WEBN
- Cincinnati, Ohio; United States;
- Broadcast area: Greater Cincinnati
- Frequency: 102.7 MHz (HD Radio)
- Branding: 102.7 WEBN

Programming
- Format: Active rock
- Subchannels: HD2: Alternative rock; HD3: Mainstream urban;
- Affiliations: Compass Media Networks; Cincinnati Bengals Radio Network;

Ownership
- Owner: iHeartMedia; (iHM Licenses, LLC);
- Sister stations: WCKY, WKFS, WKRC, WLW, WSAI

History
- First air date: August 31, 1967

Technical information
- Licensing authority: FCC
- Facility ID: 29734
- Class: B
- ERP: 16,000 watts
- HAAT: 264 meters (866 ft)
- Transmitter coordinates: 39°06′59″N 84°30′07″W﻿ / ﻿39.11639°N 84.50194°W
- Translators: HD2: 100.7 W264BW (Norwood); HD3: 102.3 W272BY (Cincinnati); HD2: 106.3 W292CO (Middletown);

Links
- Public license information: Public file; LMS;
- Webcast: Listen live (via iHeartRadio); Listen live (via iHeartRadio) (HD2); Listen live (via iHeartRadio) (HD3);
- Website: webn.iheart.com cincinnatiproject.iheart.com (HD2) thebeatcincy.iheart.com (HD3)

= WEBN =

Rock radio station in Cincinnati

WEBN (102.7 FM) - branded as 102-7 WEBN - is a commercial active rock radio station licensed to Cincinnati, Ohio, serving Greater Cincinnati. Owned by iHeartMedia, WEBN serves as the FM flagship for the Cincinnati Bengals Radio Network. The WEBN studios are located in Cincinnati, as is the station transmitter. Besides a standard analog transmission, WEBN broadcasts over three HD Radio channels, and is available online via iHeartRadio. WEBN-HD2 simulcasts over local translators W264BW Norwood (100.7 FM) and W292CO Middletown (106.3 FM), while WEBN-HD3 simulcasts over W272BY Cincinnati (102.3 FM).

==History==
When it initially went on the air on August the 31st of 1967, it was owned by Frank Wood Sr. a Cincinnati attorney. WEBN broadcast classical music daytimes and an all night blues and jazz program. The night programming was managed by a bank of 10½-inch Scully reel to reel tape machines in an early instance of station automation. However in the late evening hours of Saturdays and Sundays, it also broadcast a program called "The WEBN's Jelly Pudding Show", hosted by Frank's son and WEBN's first ever DJ, Program Director, General Manager, and Owner himself the late and great Frank Wood Jr., known by his on-air name "Dr. Michael Bo Xanadu". The series featured many album cuts by both popular and upcoming artists other than the recognized Top 40 and Urban Contemporary songs, even playing full-length versions of tracks only heard on Top 40 in their radio edits. The Jelly Pudding Show's slogan had only four musical genres that says it all; "Rock, Jazz, Folk And Ragas". The Jelly Pudding Show and their rock music proved to be so popular and so successful that WEBN eventually made this AOR show the bulk of its programming, much to the consternation of Frank Sr. himself.

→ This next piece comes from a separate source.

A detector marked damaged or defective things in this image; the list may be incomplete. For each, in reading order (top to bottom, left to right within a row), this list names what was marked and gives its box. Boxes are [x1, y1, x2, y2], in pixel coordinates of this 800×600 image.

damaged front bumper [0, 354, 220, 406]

However it honored its roots as a classical music station by broadcasting classical music on Sunday mornings from 8:00 am to 12:00 pm with Frank Wood Sr. as the host. This proved to be one of the station's most popular programs until Frank Sr. officially retired from WEBN on June the 30th of 1985. But perhaps the most distinctive feature of the program was Frank's weekly tradition of always playing a very long work which he preceded by announcing that the length of the work would give him enough time to eat a pie from Graeter's, a popular Cincinnati ice cream parlor that specializes in ice cream pies, confectioneries, and other baked goods. After Frank Sr.'s retirement (and before he died in 1991), the classical program continued for a few years with new host Larry Thomas from 55KRC and later began to include new age music. Its time was shifted from 6:00 am to 10:00 a.m. and the show eventually ended in 1987.

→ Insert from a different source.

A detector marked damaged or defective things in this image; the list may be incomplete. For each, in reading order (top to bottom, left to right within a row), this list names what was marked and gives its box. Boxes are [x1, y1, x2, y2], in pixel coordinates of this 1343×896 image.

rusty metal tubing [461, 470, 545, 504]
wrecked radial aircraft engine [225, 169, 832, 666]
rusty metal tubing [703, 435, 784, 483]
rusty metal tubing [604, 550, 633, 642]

In its early days, WEBN broadcast from an old house in Cincinnati's westside Price Hill neighborhood, at 1050 Considine Ave. Referred to on-air as "Price's Mountain", any listener could visit the station/house at any time to watch EBN's personalities broadcast their shows live. The house wasn't hard to spot, as it was bright blue and had what appeared to be a Cocker Spaniel sitting in an old barbershop chair on the front porch. The taxidermied dog had been Frank Wood, Sr.'s pet, named Miles Duffy. Frank Sr., hosting a one-man show when he began the station, decided to name "Miles Duffy" WEBN's first fantasy program director to give the impression that WEBN had more employees than just himself. This joke continued officially for some years, even as the station continued to grow.

In 1973 WEBN moved to the eastside's Hyde Park Square referred to on air as "Hyde's Meadow". In 1988, the station moved to the neighborhood of Mount Adams, this time calling it "Frog's Mountain" joining with several other stations purchased in recent years by its corporate parent Jacor Communications. In 1999 Jacor was purchased by Clear Channel. Finally in 2004, all Cincinnati Clear Channel stations moved to the northern suburb of Sycamore Township. WEBN continued to call its location "Frog's Mountain". By 2006 WEBN was added to the Nielsen BDS Active Rock panel only to revert to Mainstream Rock the following year.

Radio personality Maxwell Slater Logan (Benjamin Bornstein), perhaps best known for his time at Cleveland rock station WMMS as host of The Maxwell Show, spent time at WEBN in early-to-mid 1990's under the on-air name Max Logan. Bo Matthews (Alex Gutierrez), formerly the program director at WMMS and a regular contributor to The Maxwell Show, took over as the WEBN program director on January 7, 2014. Matthews also served as vice president of programming for iHeartMedia's entire Cincinnati radio cluster before exiting the company in 2017.

From 2012 to 2026, mornings were hosted by Kidd Chris. He was fired in June 2026 as part of nationwide layoffs by iHeart Media.

===Early advertising===
Their eccentrical quirkyness also extended to actual advertising. Ad time on WEBN was extremely desirable to local merchants, but the station wasn't about to permit the staid and often amateurish production values that often permeated American radio. The majority of local spots were WEBN produced, and bore the same outrageous wit and audacity that the station was known for. And, as it had already promoted non-existent events, the station advertised products by "Brute Force Cybernetics", also the name of the corporate holding company. Brute Force Cybernetics featured a logo of three monkeys based on the theme "see no evil, hear no evil, speak no evil." Among the BFC "products" for which the station broadcast tongue-in-cheek "ads" were:

- "Boogie Mat" (a small rug; anyone who steps on it will begin to boogie uncontrollably)
- "Cultured Truffle Franchises"
- "Encephalographic Printout Device" (attach the electrodes to your head before going to sleep and the device will record the brilliant insight you otherwise remember having had just before you woke up and forgot what it was)
- "Negative-Calorie Cookies" (eating them actually burns calories)
- "Portable Hole" (apply it to a surface, peel off the plastic backing, make your stash or whatever, then remove)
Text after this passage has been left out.